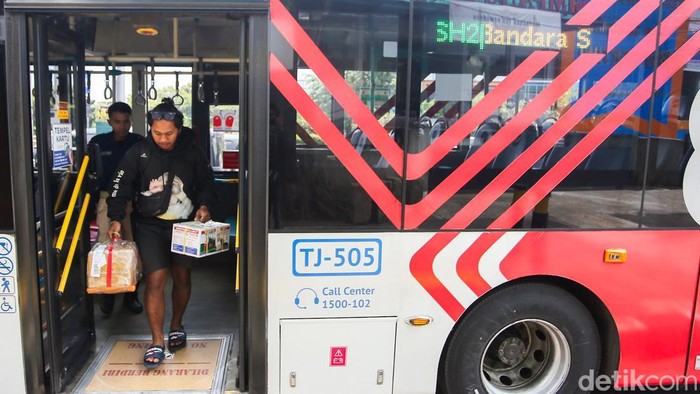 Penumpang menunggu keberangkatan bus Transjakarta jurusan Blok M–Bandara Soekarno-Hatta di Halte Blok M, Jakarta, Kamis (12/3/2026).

--------------------------------

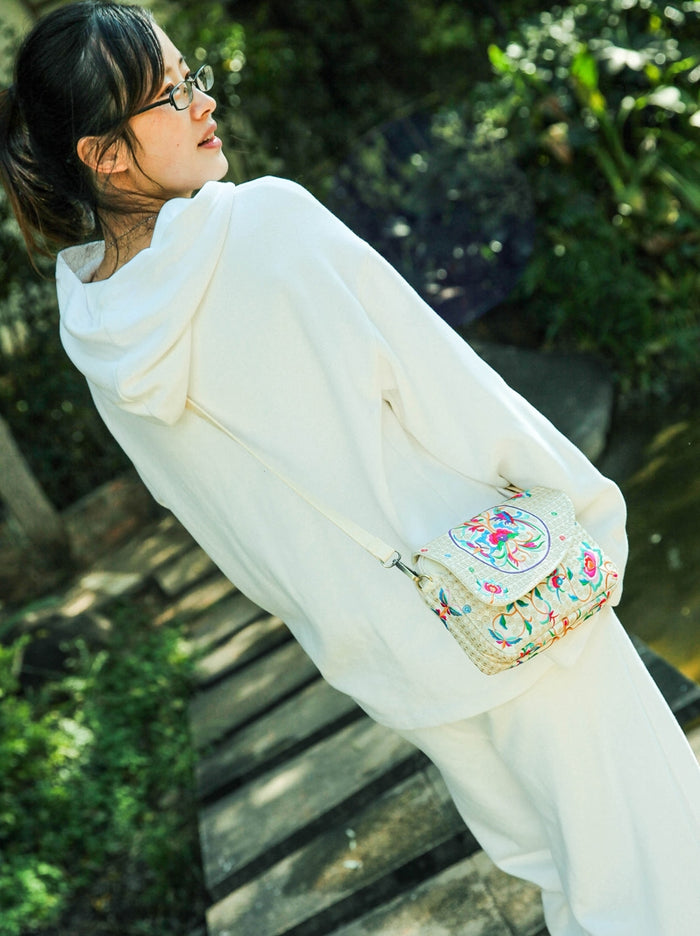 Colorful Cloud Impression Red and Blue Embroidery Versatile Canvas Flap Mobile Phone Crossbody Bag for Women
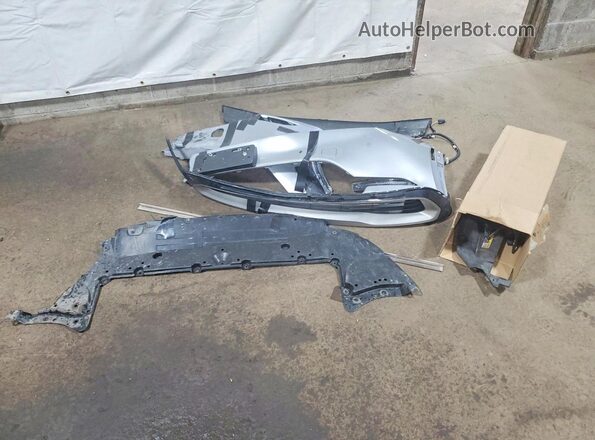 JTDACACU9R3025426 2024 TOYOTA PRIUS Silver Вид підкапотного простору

--------------------------------

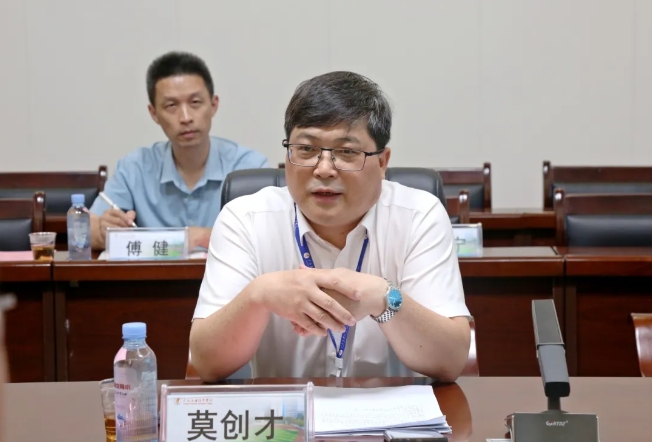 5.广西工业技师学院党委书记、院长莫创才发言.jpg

--------------------------------

*TASK DETAILS*
In the data above, start at the line holding "Colorful Cloud Impression" and stop after the line holding "JTDACACU9R3025426 2024 TOYOTA"; write out those lines exactly, without pictures.

*ANSWER TO THE PROBLEM*
 Colorful Cloud Impression Red and Blue Embroidery Versatile Canvas Flap Mobile Phone Crossbody Bag for Women
 JTDACACU9R3025426 2024 TOYOTA PRIUS Silver Вид підкапотного простору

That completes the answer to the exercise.